COMMENT SUIVRE LA VALEUR

- Les cours des matières premières qui sont à la base des produits de Saint-Gobain doivent être surveillés. - L'évolution du cours de Saint-Gobain est liée à celle du secteur de la construction. Il faut donc suivre de près les indicateurs du bâtiment (mises en chantiers, permis de construire…). - La cession du pôle conditionnement est partculièrement attendue par les marchés.

LE SECTEUR DE LA VALEUR

Construction - Matériaux

Les entreprises de matériaux de construction souffrent généralement de trois facteurs : d'une baisse des volumes, liée au repli du marché du BTP en particulier aux Etats-Unis, au Royaume-Uni et en Espagne, d'une forte hausse des coûts énergétiques et des matières premières et, enfin, d'un effet de change négatif (pour les groupes européens).
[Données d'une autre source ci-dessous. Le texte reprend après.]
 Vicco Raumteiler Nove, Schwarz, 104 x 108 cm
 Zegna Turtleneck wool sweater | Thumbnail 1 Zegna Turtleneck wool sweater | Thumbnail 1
Ainsi Holcim, numéro deux mondial du ciment, a affiché, au cours du premier semestre, un bénéfice d'exploitation en retrait de 15,7% et un chiffre d'affaires en baisse de 4,4%. Les intervenants qui tirent leur épingle du jeu, dans un contexte déprimé, sont ceux qui ont misé sur les pays émergents, et qui ont mené des réductions de coûts drastiques, à l'instar de Lafarge. Le leader mondial des matériaux de construction a publié un résultat net hors éléments exceptionnels en hausse de 15% pour le premier semestre. Les performances du groupe sont tirées par les marchés émergents, qui ont bénéficié d'un bond de 53% de leurs résultats d'exploitation au premier semestre, et représentent désormais 67% des résultats de la branche ciment. Le groupe, qui est parvenu à accroître son objectif initial de 340 millions d'euros de réduction des coûts en 2008, annoncera un nouveau plan de restructuration en fin d'année. Quant à Ciments Français, moins présent dans les pays émergents, et donc plus exposé aux difficultés des marchés matures, son résultat net part du groupe a fléchi de 20,1% à 181 millions, sur la première partie de l'année.